Considering the money spent on astrophysical research , nothing else gives the same bang for buck.
You are able to observe and learn far more about the Universe we live in by observing these phenomena occuring thousands to millions of light years away.

Also astrophysical research yields actual and measurable results , unlike "cold" fusion which yields a lot of hot air (due to the energy put in to the system to allegedly achieve "fusion" , a word used very loosely when it comes to the cold variety).
Callippo
1 / 5 (12) Mar 10, 2012
I'm quite glad, you're posting it, because it will serve as an evidence of the fact, how deeply the proponents of mainstream physics are actually separated from reality and incompetent to judge, what is real in nature and what not. The fact, you can derive and integrate mechanically doesn't mean, you're understanding the physics - actually the quite opposite effect may appear, because the learning of formal math is difficult and it consumes the time and the intellectual capacity, which is missing somewhere else after then.

This incompetence is a problem of educational system and whole scientific generation, which should be essentially replaced.
Shootist
4 / 5 (8) Mar 10, 2012
This incompetence is a problem of educational system and whole scientific generation, which should be essentially replaced.


Speaking strictly for yourself, I'm sure?
Ironhorse
2.8 / 5 (4) Mar 10, 2012
@Callippo The only way to decrease the risk of war is to eliminate the human race, which considering that's us, isn't practical.

Also, the education system, though not perfect, would be much improved by requiring stringent standards with respect to home schooling, so that it can't be used to hideout from inconvenient facts.
neiorah
not rated yet Mar 12, 2012
With all this money we could develop a drug that can be widely sprayed in the unruly Arab countries so it lowers their testosterone count and everyone settles down. Make it last 6 months and maybe their brain will kick in instead of them acting only on emotion like they are now.
Kinedryl
1 / 5 (1) Mar 12, 2012
The only way to decrease the risk of war is to eliminate the human race
Nope, the people made wars even when the civilization was a way smaller. The civilization goes into the war like massive star, which collapses, because it becomes too heavy. But it's the ratio of energy production and gravitation, which determines, whether the star will remain stable or it will collapse. Even the massive star may remain stable, if its regulating its energy consumption and production well. For example, when we will implement cold fusion, we could decrease the price of food and the social tension between Arabians and western world due the lowered consumption of oil and whole civilization will remain stable and growing at least for some time.
Pkunk_
1 / 5 (1) Mar 20, 2012
Kinedryl said-
For example, when we will implement cold fusion, we could decrease the price of food and the social tension between Arabians and western world due the lowered consumption of oil and whole civilization will remain stable and growing at least for some time.

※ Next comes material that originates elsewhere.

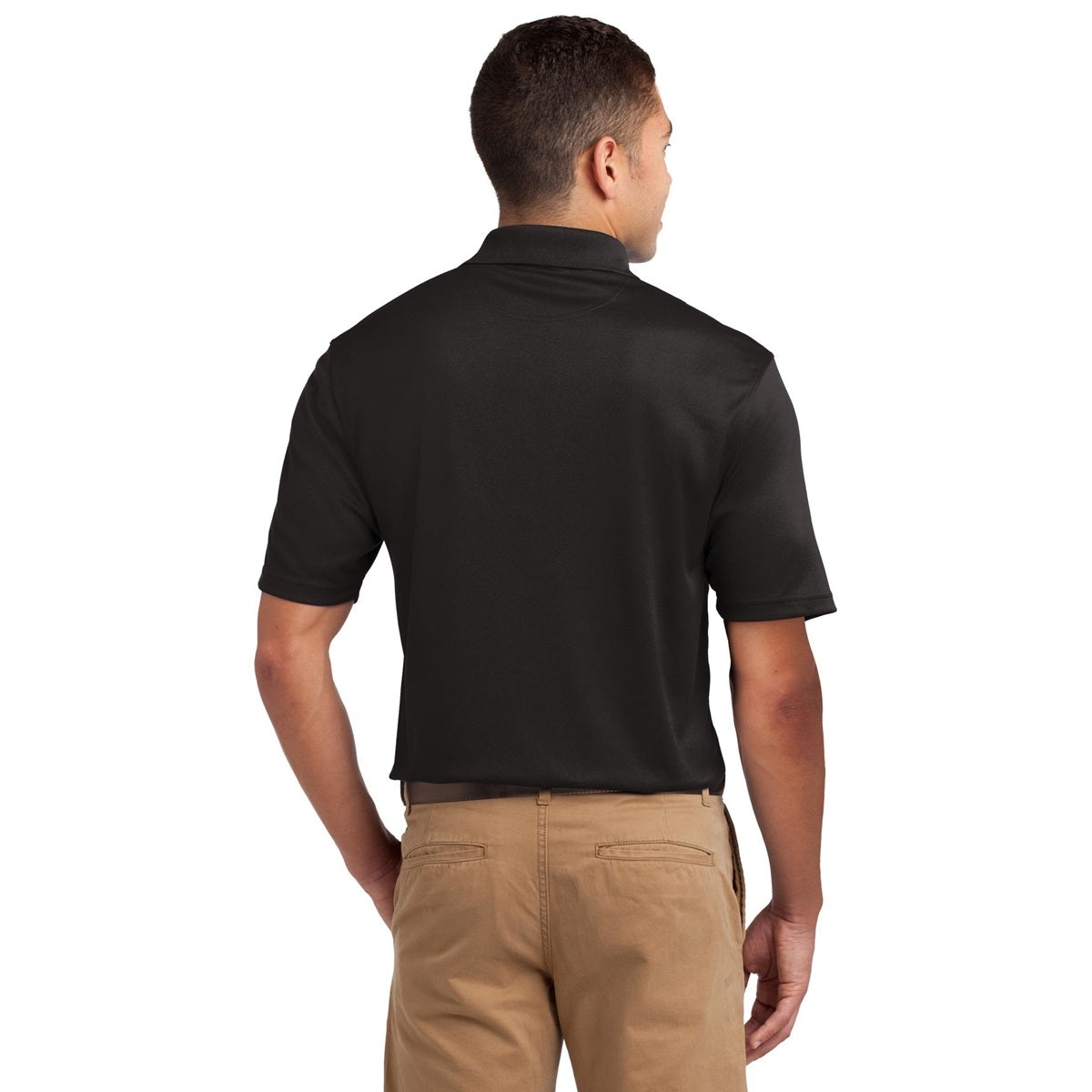 Black Polo Shirt - Sport-Tek - Breathable Fabric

While the goal is admirable , the means are pretty much vaporware. "Cold" fusion is pretty much a scientific fraud which requires more energy going in than coming out. I think it's ridiculous to expect an unproven tech like this to

The only proven technology which can meet the enormous energy requirements of the near future is Nuclear fission , until we crack the big mutah - HOT Fusion (which is actually documented to work , and can release thousands to millions of times the energy put into it ).
Manhar
1 / 5 (1) Apr 30, 2012
Compact mass of neutron star or black hole is an accepted fact. Nobody has raised doubt about it. I wonder if expert in this area can explain the existing forces in the universe and the process to achieve such compacted mass. The universe is assumed to be clear of such forces to allow dark matters, gypsy stars and planets and galaxies to float freely. How mass is compacted without apparent compacting forces?